The thing with articles about this is that they seem to miss a few things:
1) Formal credentials don't exist in a vacuum. They're meant to signal that you've done something.
2) OTJ training will be very effective for teaching someone the job. In fact there was a time when it was expected that college grads would get OTJ training. With that said, OTJ may not teach fundamentals applicable to many different jobs.
3) The argument of vocational training applies even earlier than college. I'd argue that starting at age 14 it would yield practical results for the company. But I think its even less of a good idea for the student at that age. And note, although you earn a lot less money in college, there's something about college that multiplies the value of a dollar.
4) I'd argue that unless you're starting your own company, the ages from 17-21 are more enjoyable and reap greater benefit at most colleges than working. Unless you truly dislike school or have a great idea, I'd put off working (and honestly, even if you had a great idea -- it's probably better working on that while in school, rather than employed).
In summary, I think Zoho's recruitment plan works well for the company, but less well for a fairly large class of students.
While this is an anecdotal take on the whole topic of selection, there is research out there that supports this (sort of).
Meta data analysis from thousands of studies shows that there is essentially 0 correlation between where someone went to school (or their GPA) and how well they perform on the job once hired. See https://skitch.com/andyparkinson/reqfj/emotional-intelligenc... for a table of methods of selection and their respective validities.
As you can see, the best thing you can do pre-hire is to have someone complete a work-simulation. If you're hiring a mechanic to fix transmissions, give them a broken transmission and a set time period to fix it. If you're hiring a rails developer, give them a small project that takes a few hours to do and see what happens.
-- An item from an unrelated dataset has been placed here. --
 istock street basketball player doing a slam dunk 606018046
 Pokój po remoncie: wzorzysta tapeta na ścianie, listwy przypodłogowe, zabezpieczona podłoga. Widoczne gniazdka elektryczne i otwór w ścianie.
It is amazing how much you'll learn about that person in those few hours. You'll see how he codes, communicates, etc. The more you can try before you commit the better.
Here's a simple example... When we hire front-end developers, we have a standard PSD file that we hand applicants and give them 2 hours to slice using tableless html/css. No matter how much I fall in love someone when I interview them, the results of this simple exercise will always sober me up (or throw me head over heals). Its gotten to the point where I don't even want to spend more than a few minutes talking front-end developers until I see the results of this exercise.
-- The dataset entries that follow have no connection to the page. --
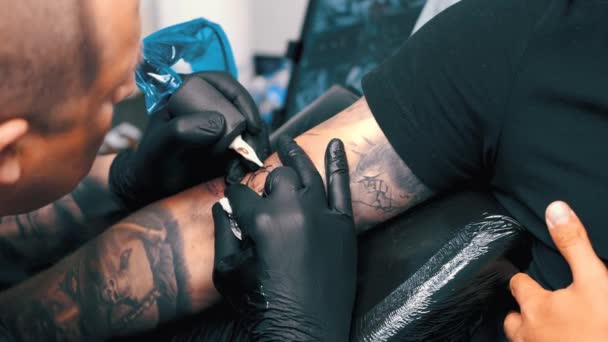 Tatoueur masculin tatouant un client — Video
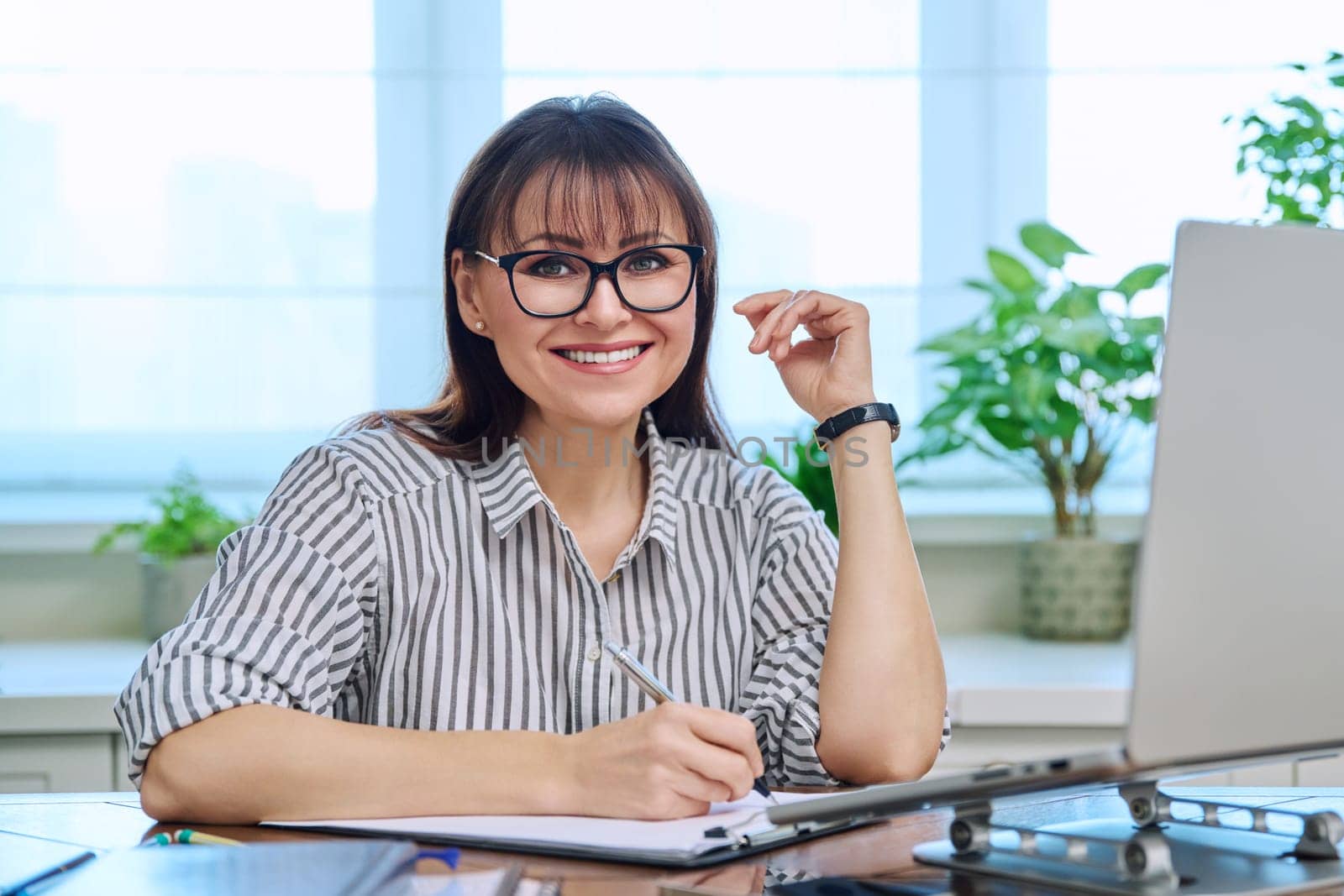 Portrait of middle-aged woman at her workplace at desk with computer, looking at camera. Mature smiling female working in home office. Remote business, teaching, work, freelancing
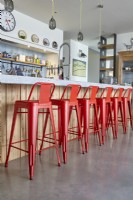 Red bar stools in modern kitchen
Its not perfect. The correlation between results and success is still very weak, but its the best we have.
Meta data analysis from thousands of studies shows that there is essentially 0 correlation between where someone went to school (or their GPA) and how well they perform on the job once hired
The data may say that, but it likely omits a lot.
For example, if I have a candidate with straight A's from MIT, but I hire someone else who had a 1.2 from Podunk State instead, I supsect that the candidate from Podunk State had some other qualification that offset their school and GPA.
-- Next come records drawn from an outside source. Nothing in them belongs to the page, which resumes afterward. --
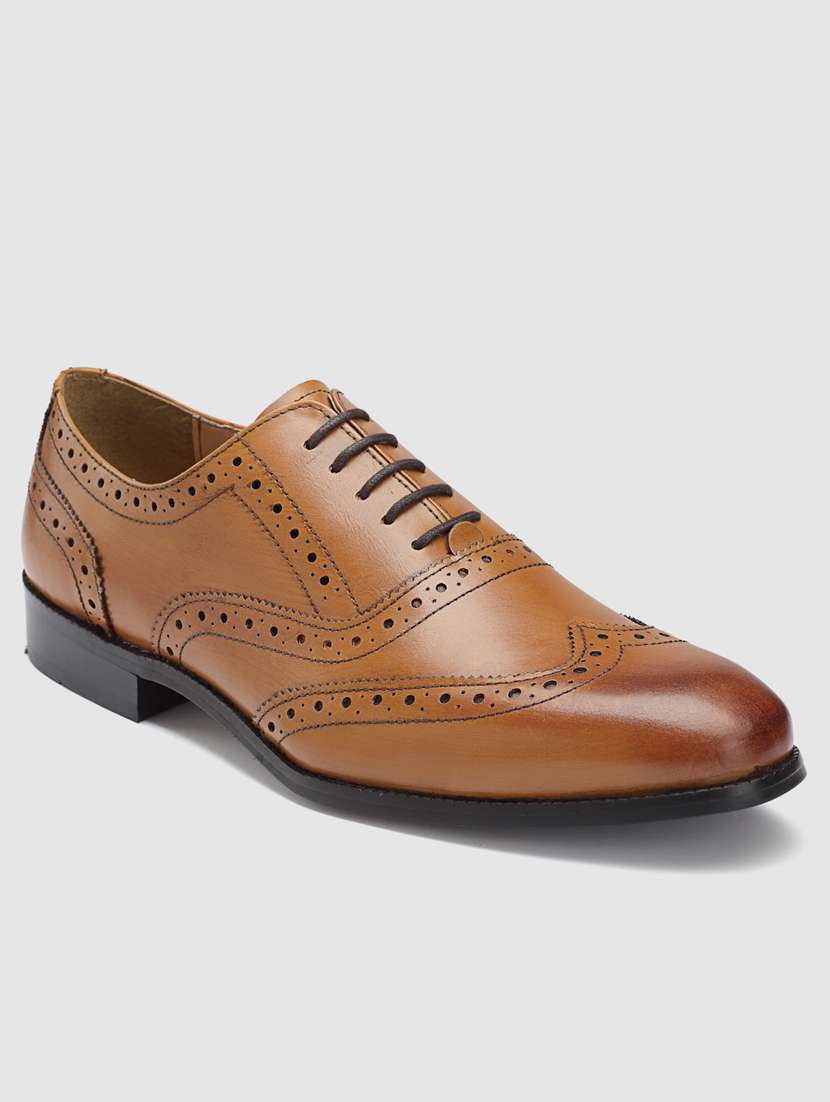 tan lace-up brouge shoes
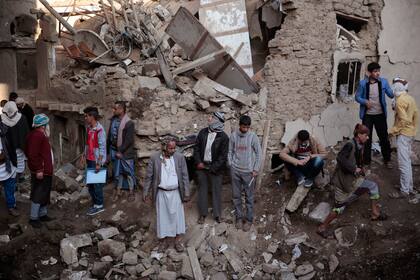 ARCHIVO - Un grupo de personas se reúnen en un complejo impactado por un ataque aéreo en Saná, Yemen, el sábado 11 de noviembre de 2017. (AP Foto/Hani Mohammed)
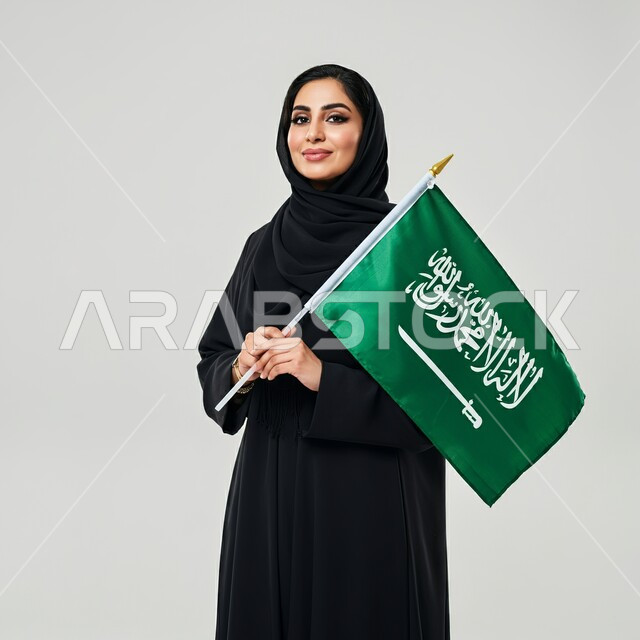 ذكرى العيد الوطني السعودي 23 سبتمبر, بورتريه لامرأة عربية سعودية خليجية محجبة ترتدي العباءة السوداء تحمل بيدها علم السعودية للاحتفال بيوم العلم 11مارس, التعبير عن الفخر والاعتزاز بالانتماء للمملكة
This is the same effect that Google sees when their best employees don't ace their interview loop. They actually have one person give them a very low score. This tends to correlate to high performers, because it meant that someone else fought for this candidate, which is a signal of something else compelling about the candidate.
To put it another way, I suspect that if you randomly selected straight A students from MIT versus D students from local community college, the MIT students will outperform for a wide variety of professional jobs.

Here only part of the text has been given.